There were also concerns over the therapy group. It would only deal with the handful of boys whose allegations had formed the basis of King and Tanner’s ’specimen charges’. The rest of the original 14 – and the suspected forty-plus more – would receive no service. At a Social Services conference, held at Freight House, Rochford, a council officer said there was ’no need’ to interview or work with any other children linked to the paedophiles.
Setting up the group turned into a protracted ordeal. Months after being invited to join, Robin’s colleague wrote: “I see few indications that progress will be made, in spite of the good intentions of several people.”
In October 1990, she and Robin bumped into county councillor Kay Twitchen and had an impromptu meeting. She asked for their views on child protection in Essex. Handwritten notes say they discussed ’the Shoebury Sex Ring and how full investigations had not been carried out’.
They also discussed ’a general worry about whether the child protection work that needed to be done was taking place’ and about ’the effect of this on the community’.
Robin then sent a letter to one of his managers, voicing concerns over Social Services’ handling of the Shoebury case.
On November 9, 1990, Robin and his colleague were summoned to a meeting with a senior Social Services officer. Notes say the ’angry’ officer accused them of being ’devious’ by speaking to Cllr Twitchen, describing Robin’s letter as ’ill-informed’ and ’libellous’.
Days later, one of their own bosses demanded Robin ’either withdraw his letter, or it would be sent to the police’.
Notes by Robin’s colleague say: “Robin and I queried why the letter should have any reason to go to the police. He said Robin and I should consult our professional insurance bodies and mentioned professional misconduct on Robin’s part.”

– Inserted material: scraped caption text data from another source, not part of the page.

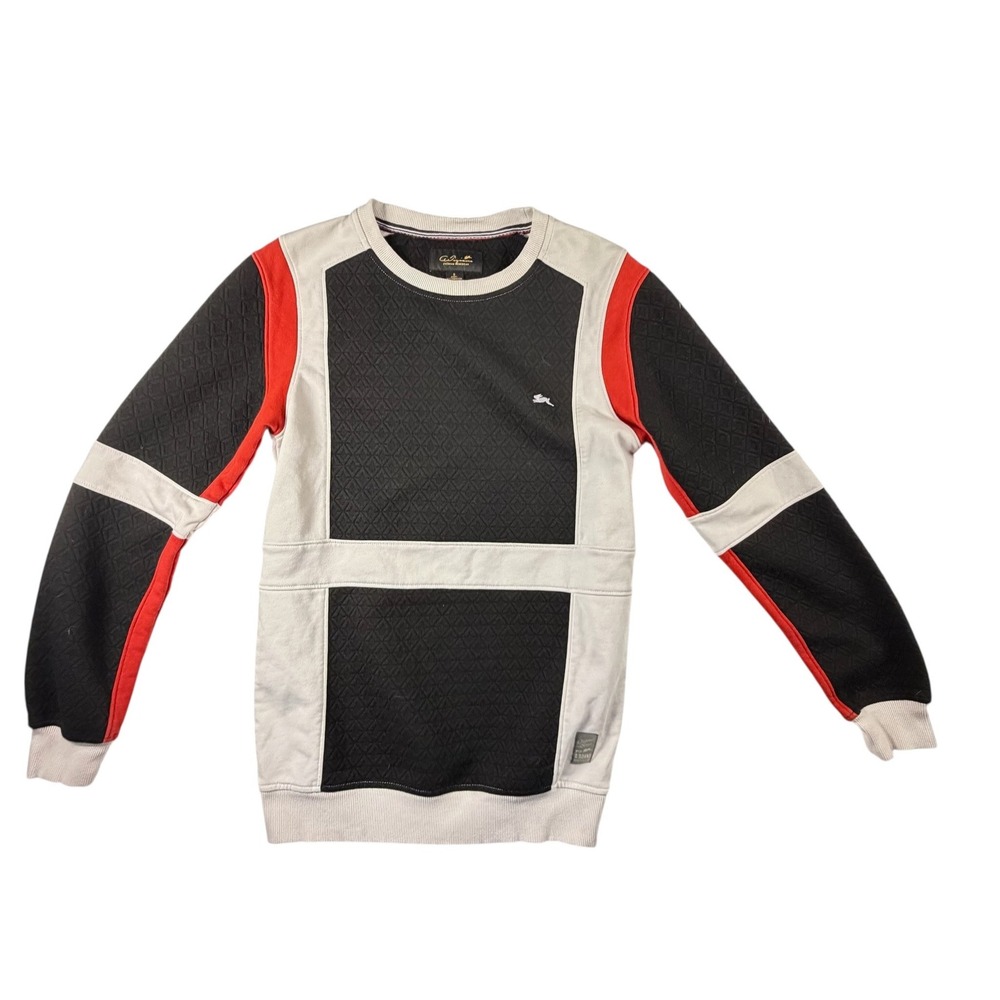 A. Tiziano Sweatshirt Mens S Black White Red Good Quilted Colorblock 91ATC4002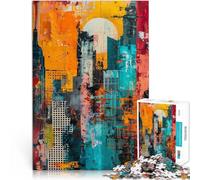 Puzzle da 1000 pezzi per adolescenti Paesaggio urbano astratto giocattoli educativi per l'apprendimento è ideale come regalo per tutta la famiglia 38x26cm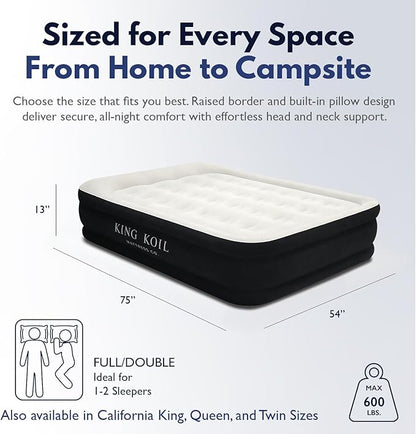 King Koil Full Size Plush Pillow Top Inflatable Air Mattress with Built-in Pump High-Speed Pump for Home, Camping, Guests, Luxury Double High Adjustable Blow Up Bed, Waterproof, 1-Year Warranty.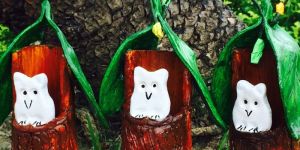 Wooden Owl Pen Stand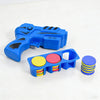A blue soft foam flying disc launcher toy with colored discs and a launching mechanism.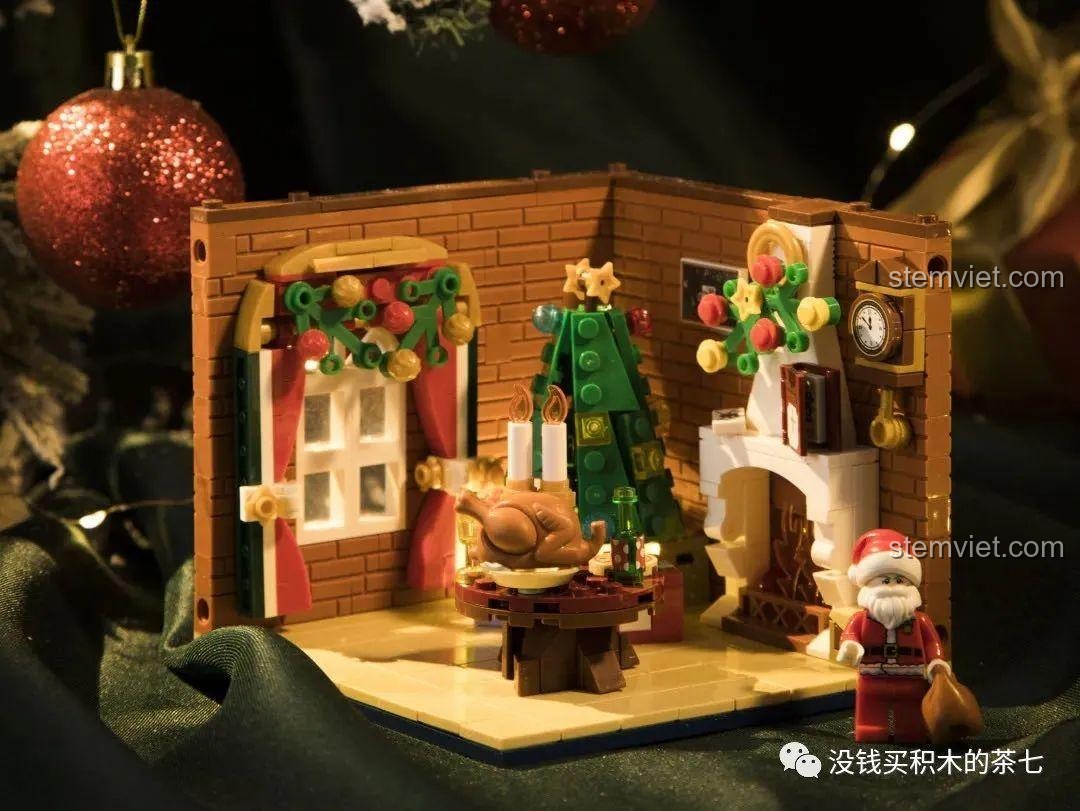 Mô hình Wekki 506001 Ngôi Nhà Giáng Sinh hoàn chỉnh với đèn LED và trang trí Giáng Sinh, review bộ lắp ráp Giáng Sinh.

Robin was ultimately ordered to apologise for the letter – but the handling of the case continued to trouble many in the child protection sector.
Alongside the planned therapy group, Social Services had ordered a series of multi-agency meetings, attended by reps from the charities, the Health Authority, County Hall and Shoebury Comprehensive School. After the final meeting, on February 28, 1991, headteacher Liz Talmadge published a report savaging the authorities.
“By the time this final report is read by those in the senior managers group, it will be too late for most of the children affected by the activities of the Shoebury Sex Ring,” she wrote. “Very many of them have now left school and are, to the most part, beyond the reach of the statutory agencies.
“I am saddened by what I consider to be the dismissive manner in which Social Services and Education have treated this entire matter.
“Only when they offend, or are once again offended against, will [the victims] come to the attention of those who might have stepped in much, much earlier and taken the appropriate steps to ensure this did not happen.”
The YA revealed last month that two boys who didn’t receive therapy are now dead from drug overdoses and one from a self-inflicted gunshot wound. Several became career criminals and drug addicts. One is detained under section in a high security psychiatric hospital.
*Sex crimes officer Caroline Thrower is re-investigating the Shoebury case after a man whose name was on the 1990 list of victims completed a police interview last month.
Essex Council said: “We have fully cooperated with Essex Police’s enquiries, including sharing a number of documents and reports. Should anyone have further information or concerns, we reiterate the message from Essex Police for them to come forward by dialling 101.”